Azure Storage Queue and multiple WebJobs instances: will QueueTrigger set the message lease time on triggered? - azure-webjobs

Scenario: producer send a message into the Storage Queue, a WebJobs process the message on QueueTrigger, each message must only be processed once, there could be multiple WebJob instances.
I've been googling and from what I've read, I need to write the function that processes the message to be idempotent so a message isn't processed twice. I've also read that there is a default lease time of 10 minutes for a message.
My question is, when the QueueTrigger is triggered on one WebJob instance, does it set the lease time on the message so that another WebJob can't pick up the same message? If so why do I need to account for the possibility that the message can be processed twice?

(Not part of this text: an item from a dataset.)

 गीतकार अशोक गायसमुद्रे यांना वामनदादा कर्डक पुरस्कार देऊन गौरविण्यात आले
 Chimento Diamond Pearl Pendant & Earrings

Or am I misunderstanding this?

If you are using the built-in queue trigger attributes, it will automatically ensure that any given message gets processed once, even when a site scales out to multiple instances. This is posted on the article in the discussion section, https://azure.microsoft.com/en-us/documentation/articles/websites-dotnet-webjobs-sdk-get-started/
In the same article you will find clarification regarding the 10 minute lease. In summary, the QueueTrigger attribute directs the WebJobs SDK to call a method when a new message is received in queue. The message is processed and when the method completes, the queue message is deleted. If the method fails before completing, the queue message is not deleted; after a 10-minute lease expires, the message is released to be picked up again and processed. This sequence won't be repeated indefinitely if a message always causes an exception. After 5 unsuccessful attempts to process a message, the message is moved to the poison queue. The maximum number of attempts is configurable.

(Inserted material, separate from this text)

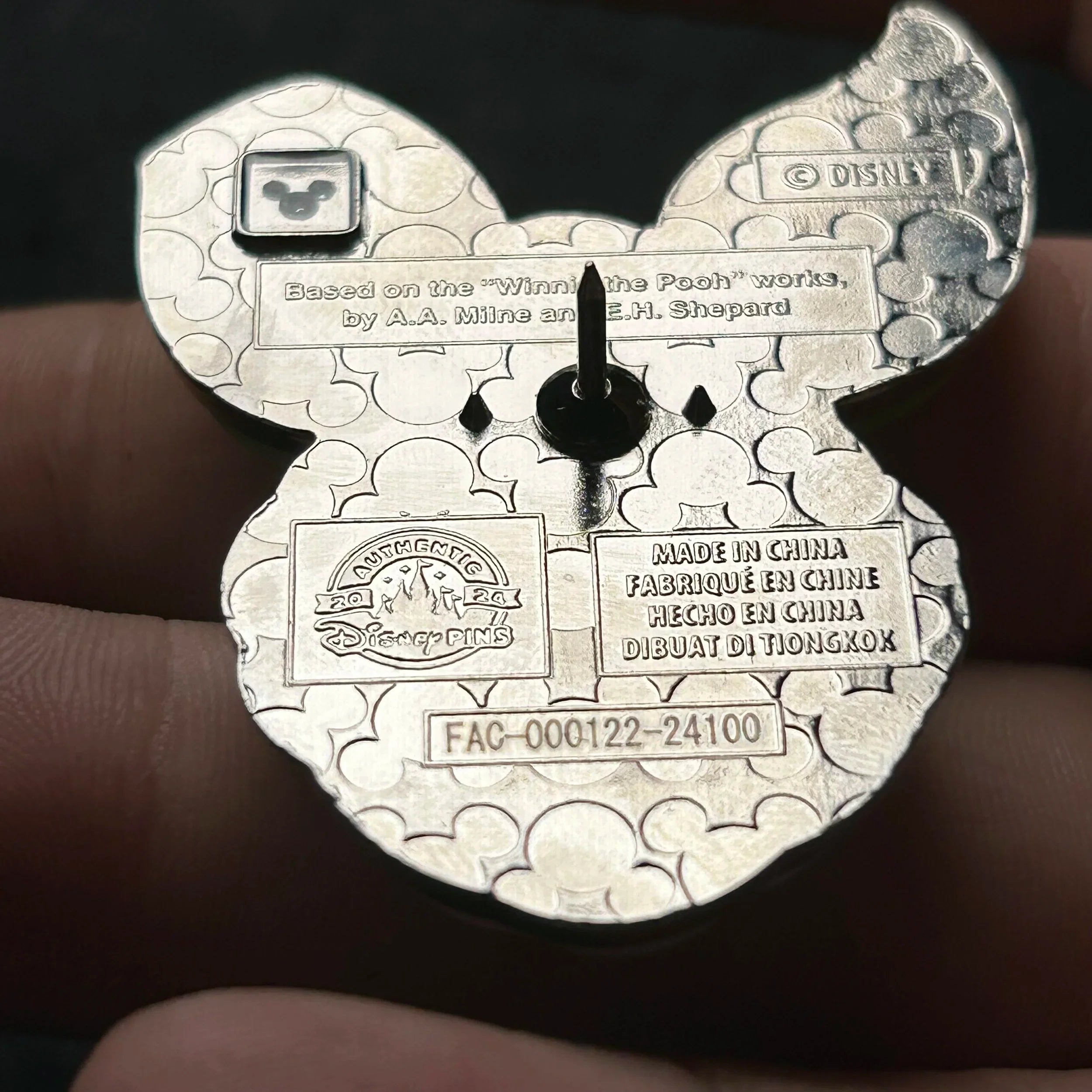 2024 - Piglet - Plant Series - Multi Textured - Disney Pin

Your process need to be idempotent. Because
Facts:
A webjob leases a message (No other webjob can get it).
A webjob deletes a message when its job is done.
If a webjob crashes while processing a message, its lease will time out and another webjob will get and start to process that. (default retry is 5 for a messsage, after that it goes to poison queue)
So if a webjob crashes after its job is done but before it deletes the message, then the message will be released after a while and the same job will be done again.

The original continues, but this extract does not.